◆ **SUPPLIED MATERIAL**
[Start of section]
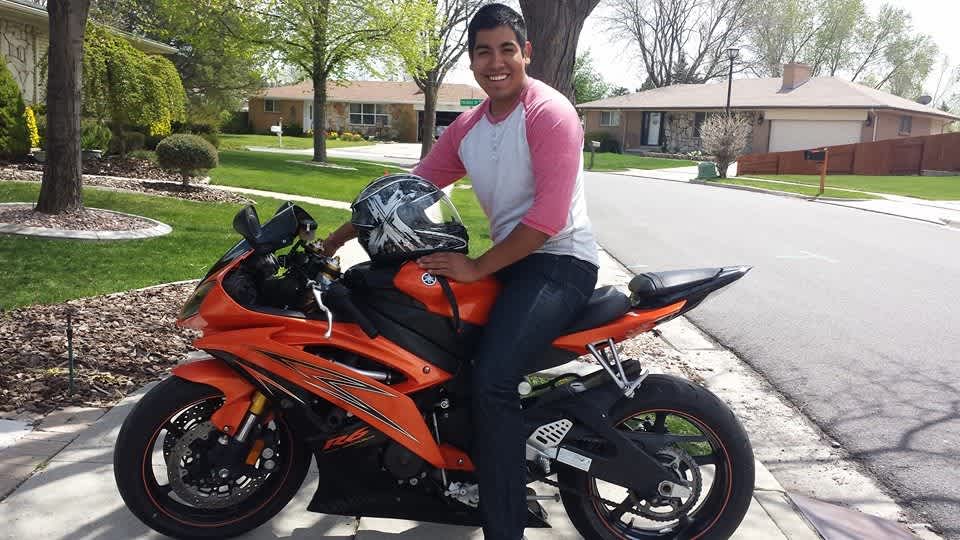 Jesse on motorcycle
[End of section]
[Start of section]
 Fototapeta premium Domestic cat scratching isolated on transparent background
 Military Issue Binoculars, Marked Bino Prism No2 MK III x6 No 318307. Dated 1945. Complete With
[End of section]
◆ **REQUIREMENT**
Whatever else the listing above holds, retype exactly only the lines from the one containing "Fototapeta premium Domestic" to the one containing "Military Issue Binoculars, Marked", both ends kept.

◆ **EXERCISE OUTPUT**
 Fototapeta premium Domestic cat scratching isolated on transparent background
 Military Issue Binoculars, Marked Bino Prism No2 MK III x6 No 318307. Dated 1945. Complete With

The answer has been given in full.